Eine dialogisierte Fassung des Buchs hat an diesem Sonntag in Jürgen Essers Regie an der Esslinger Landesbühne (WLB) Premiere. Das Terzani-Vermächtnis nahm freilich den Umweg über den Filmstoff, bevor es jetzt auf die Bühne kommt: Ulrich Limmer, Co-Drehbuchautor der Erfolgskomödie „Schtonk!“, hat 2010 als Produzent eine Verfilmung von „Das Ende ist mein Anfang“ mit Bruno Ganz in der Hauptrolle herausgebracht und ebenfalls als Co-Autor (zusammen mit Folco Terzani) das Drehbuch verfasst. Bei den Vorgesprächen zur „Schtonk!“-Theaterpremiere an der WLB in der vergangenen Spielzeit reifte bei Intendant Friedrich Schirmer der Gedanke, auch den Terzani-Text , basierend auf dem Drehbuch, als Theaterstück zu zeigen. Das nun zu sehende Resultat, betont Regisseur Esser, ist kein Dokumentartheater, sondern ein Zwei-Personen-Stück, ein Vater-Sohn-Drama. Tritt doch neben das geschildert Leben Terzanis, neben das journalistisch Revue passierende Zeitbild der „Versuch des Sohns, sich von den übergroßen Fußstapfen des Vaters zu emanzipieren“, sagt Esser. Er will das Stück ausdrücklich als eine Art Kampf zwischen übermächtiger Vaterfigur und darunter leidendem Sohn verstanden wissen – und auch als Beitrag zum Thema „Kinder als Karriereopfer“. Denn der Preis für Terzanis journalistischen Ruhm waren nicht nur ständige Wohnortwechsel, auf denen die Kinder ohne Rücksicht auf soziale Bindungen mitgeschleppt wurden, sondern auch psychische Belastungen und Ungewissheiten wegen der riskanten Arbeitseinsätze des Vaters.
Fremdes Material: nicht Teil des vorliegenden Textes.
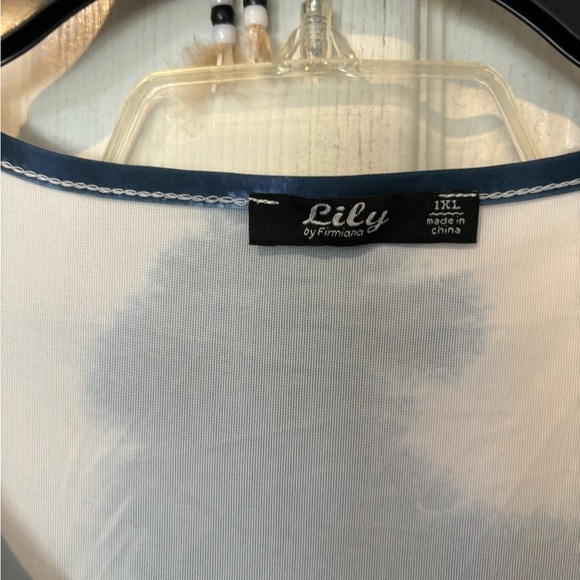 Lily NWOT Blue and White  Top Mid Length Sleeves Large Butterfly on Front - Picture 5 of 6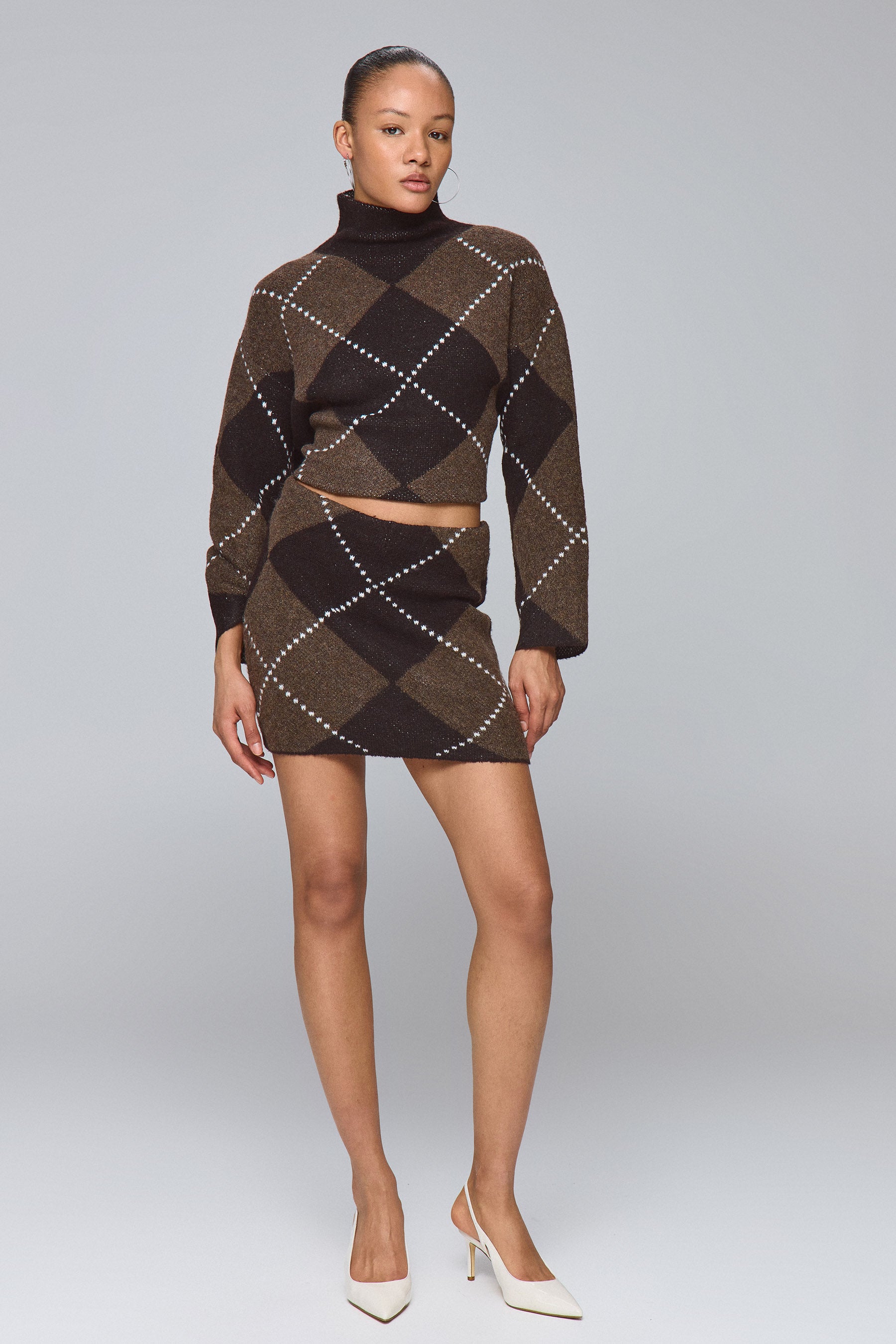 חצאית סרוגה מעויינים סט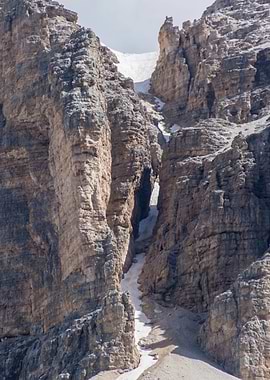 rocky mountain and cloudy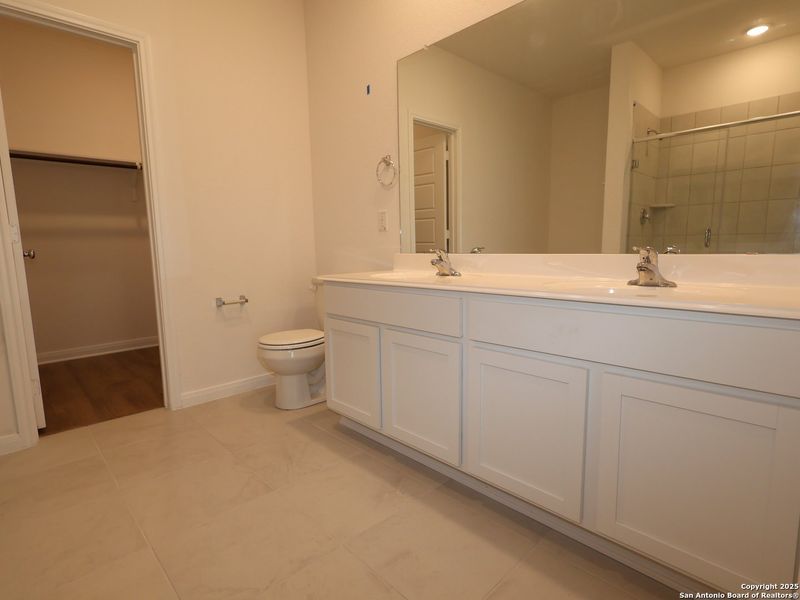 Furnished interior view inside a new home in Greenspoint Heights, Seguin (Image 10).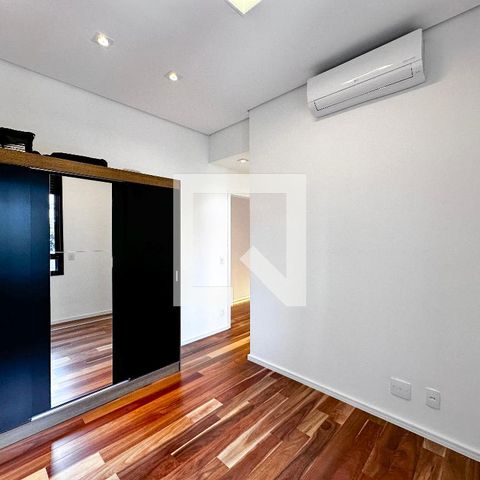 Apartamento à venda com 157m², 3 quartos e 2 vagasSuíte 1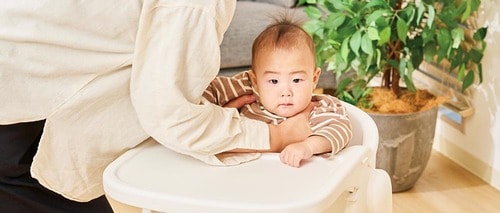 座らせやすさ:赤ちゃんを座らせやすいか ベビーチェアおすすめ イメージ
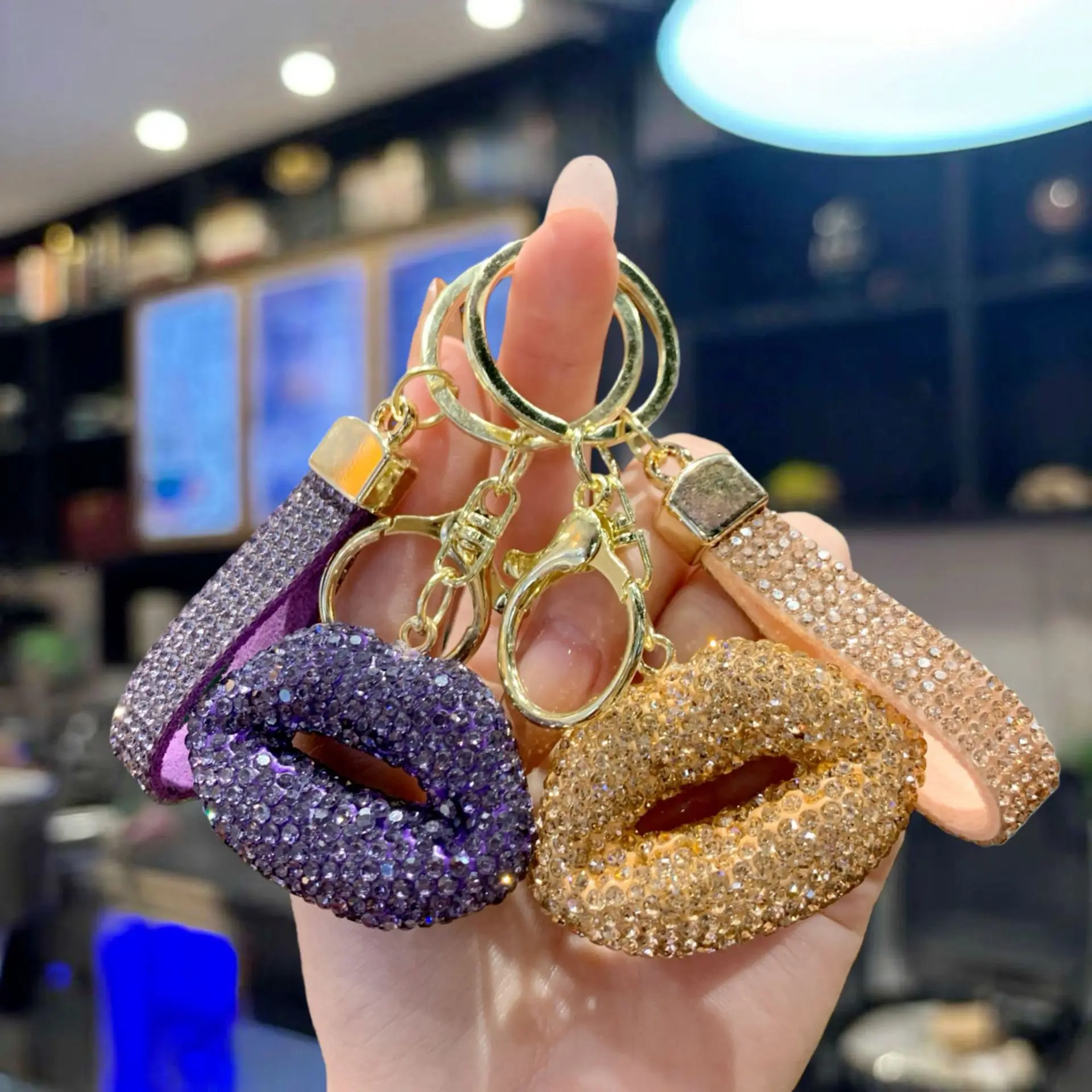 Exquisite Full Rhinestone Lip Keychain - High-End Car Key Ring & Fashion Bag Charm for Girls, Perfect Small Gift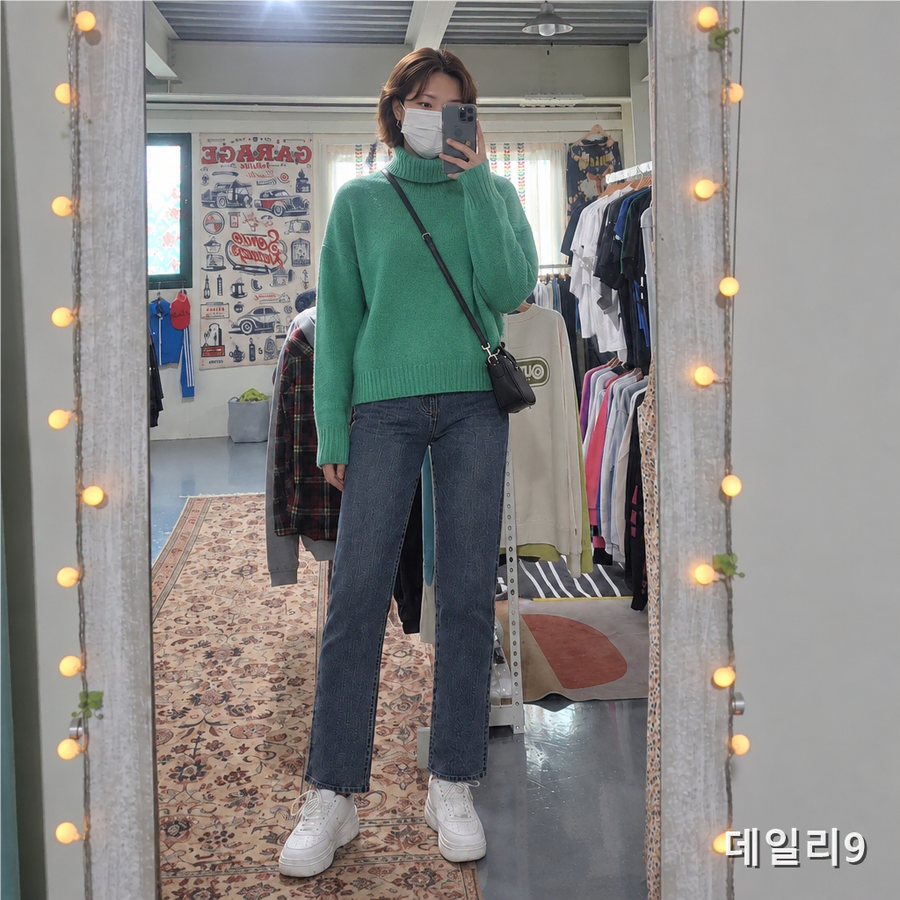 60번 B.CAVE 터틀넥 니트 95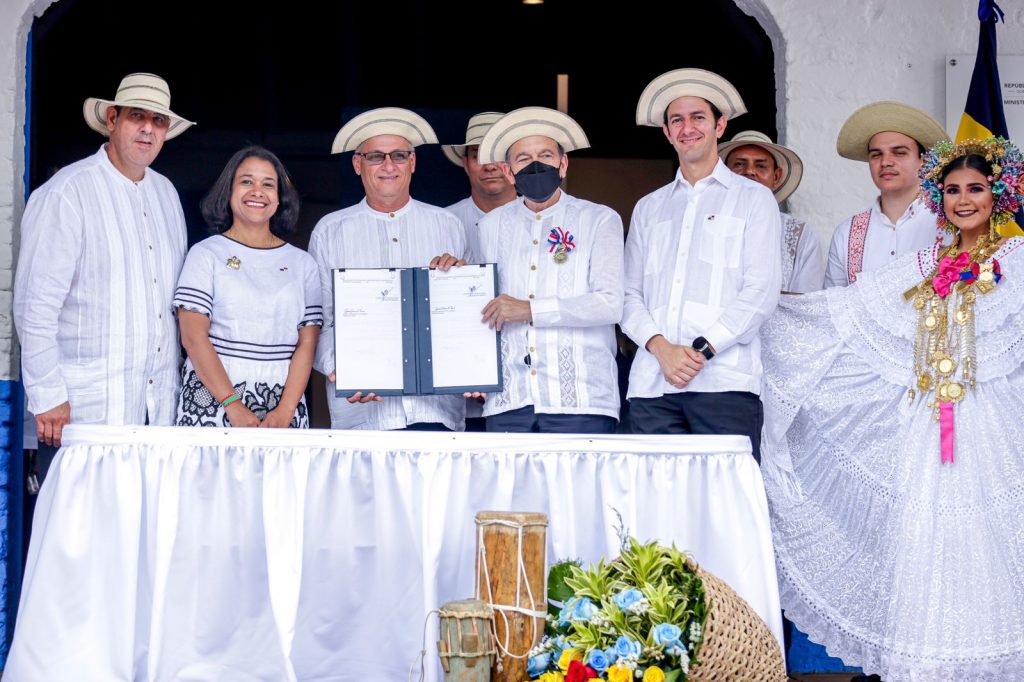 Armando de la Garza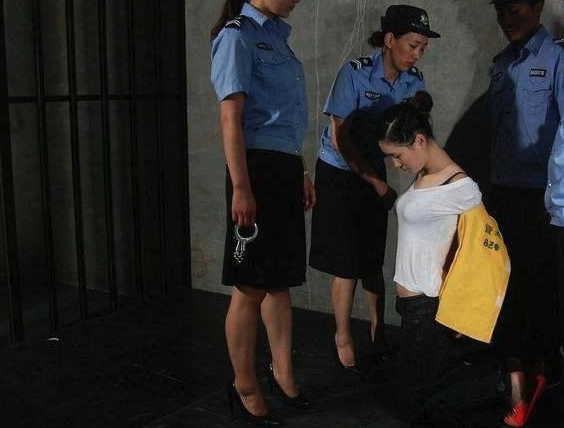 惊天奇闻！供养假女儿十年花了300万，真女儿一分没拿到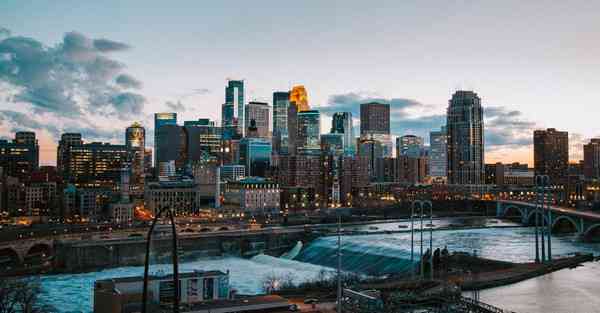 新三板智能机器人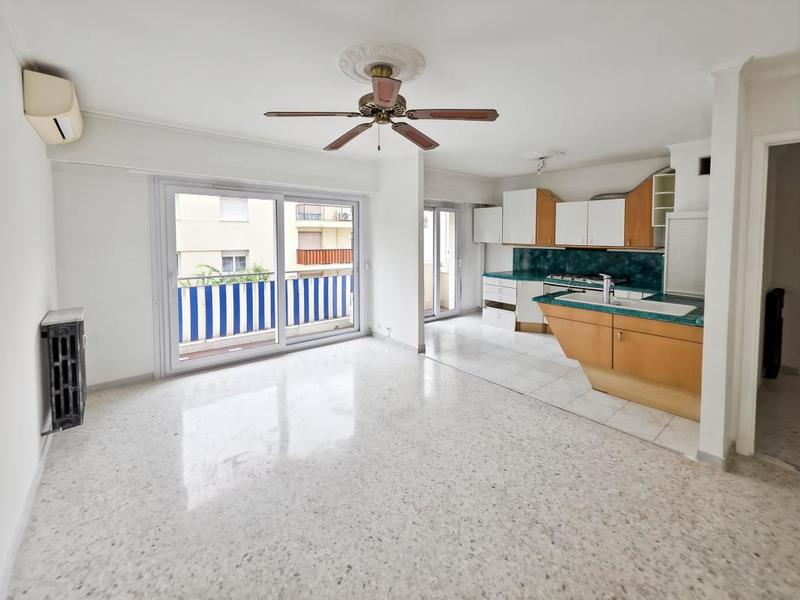 Appartement - 98 m² - 5 pièces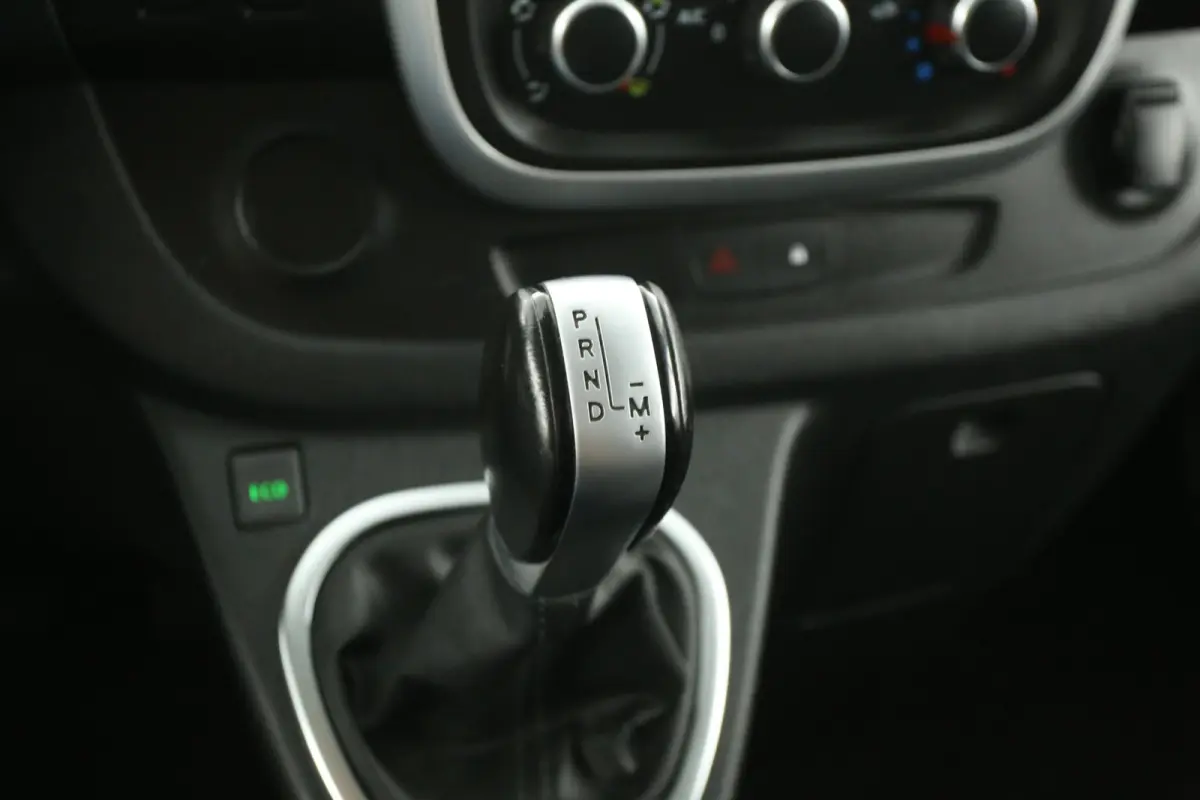 2.0 dCi 170PK L2H1 | Automaat | Airco | Cruise | Camera | Carplay | 3 Zits | Trekhaak | Navi | Parkeersens.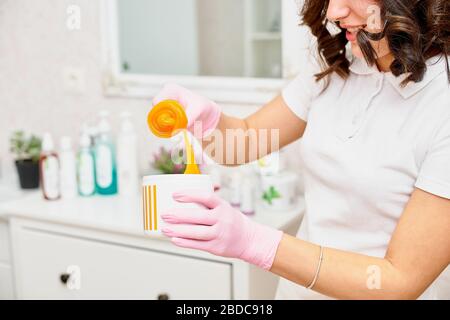 Wachs zum Enthaaren von Talkum und Stoffstreifen, die auf dem liegen Tabelle hat einen Platz zum Schreiben Stockfoto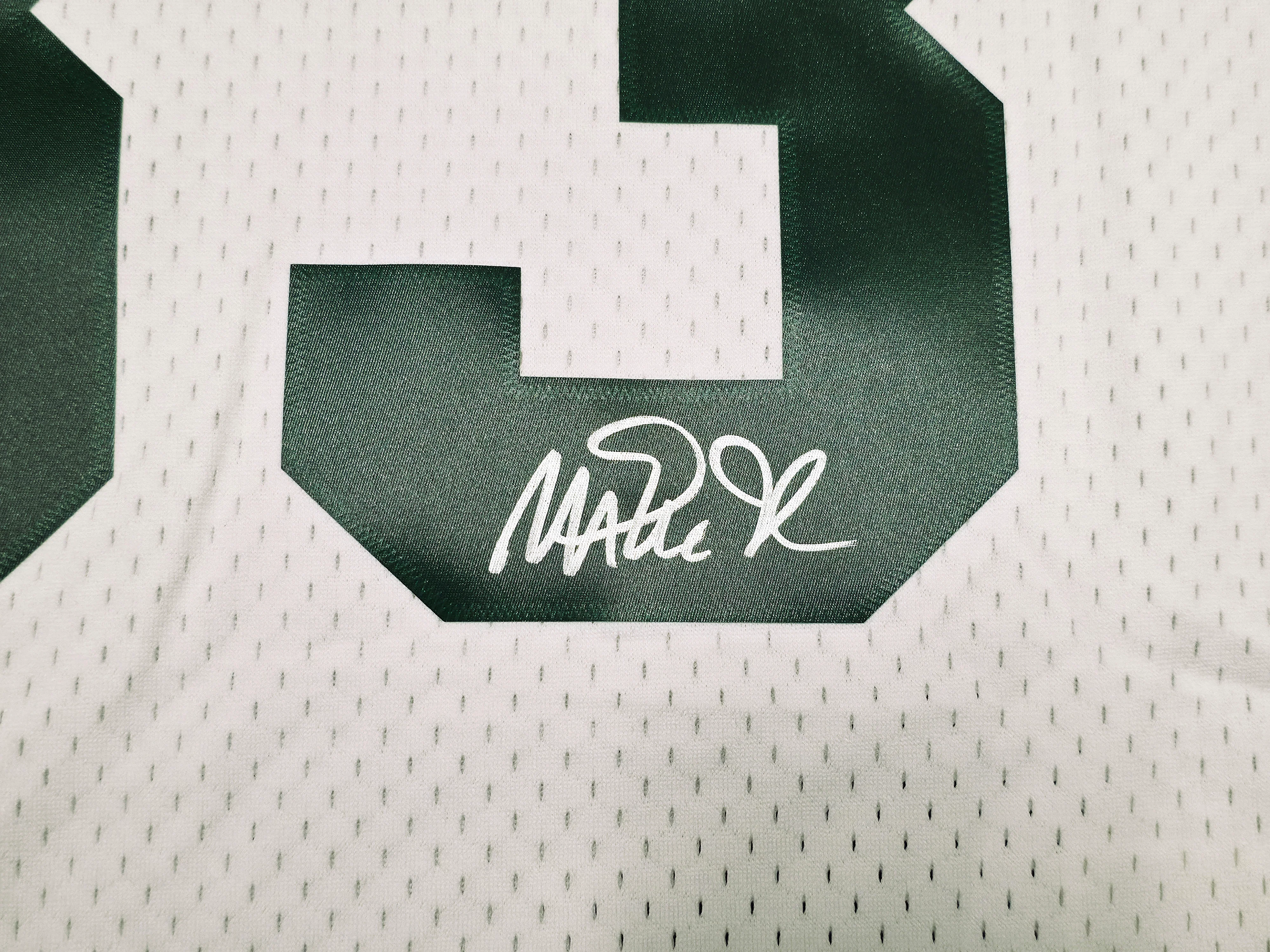Michigan State Spartans Magic Johnson Autographed White Authentic Mitchell & Ness 1978-79 College Vault Jersey Size XL Beckett BAS Witness Stock #256714 - Image 4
Die innere Dynamik des Textes führt von der Schilderung der Reportertätigkeit, von der Zeitgeschichte und der Reflexion des journalistischen Wahrheitsbegriffs hin zur Auseinandersetzung mit dem eigenen Tod – und dabei „driftet Tiziano Terzani stark in eine von Neobuddhismus und New Age geprägte Esoterik ab“, sagt Esser und gesteht: „Ich konnte damit früher gar nichts anfangen, habe aber bei der Arbeit mit diesem Text am Rande des Todes ein gewisses Verständnis dafür entwickelt.“

Die Spannung als Theaterstoff ergebe sich aus der allmählich erwachenden Souveränität des Sohns gegenüber dem Vater: „Im Lauf des Stücks entsteht eine Augenhöhe zwischen beiden.“ Esser und der Bühnenbildner Frank Chamier unterstreichen das, indem sie den Sohn gezielt ins Großbild setzen: mit einer auf sein Gesicht gerichteten Videokamera, die ihn während der Ausführungen des Vaters zur stummen, aber mimisch kommentierenden Zentralfigur macht.

In einer Art Gegenläufigkeit bekundet der todkranke Terzani dazu die Zweifel am eigenen Engagement: Der Einsatz für die Wahrheit – oder was er dafür hielt – hat nicht die Resultate erbracht, die er sich erhoffte. Nur die Rückbesinnung auf das eigene Selbst bewirkt im Suchen und Fragen, das die Krankheit aufgeworfen hat, eine Umkehr zur (vermeintlichen) Grundharmonie, die er in sich findet: esoterisch gestärkt für das letzte Abenteuer. „Das ist“, sagt Esser, „keine Beichte und keine Rechtfertigung, sondern das letzte Aufbäumen des Egos gegen den Tod.“

Die Premiere beginnt an diesem Sonntag um 20 Uhr im Podium 1 des Esslinger Schauspielhauses. Die nächsten Vorstellungen folgen am 27. September, 7. und 17. Oktober.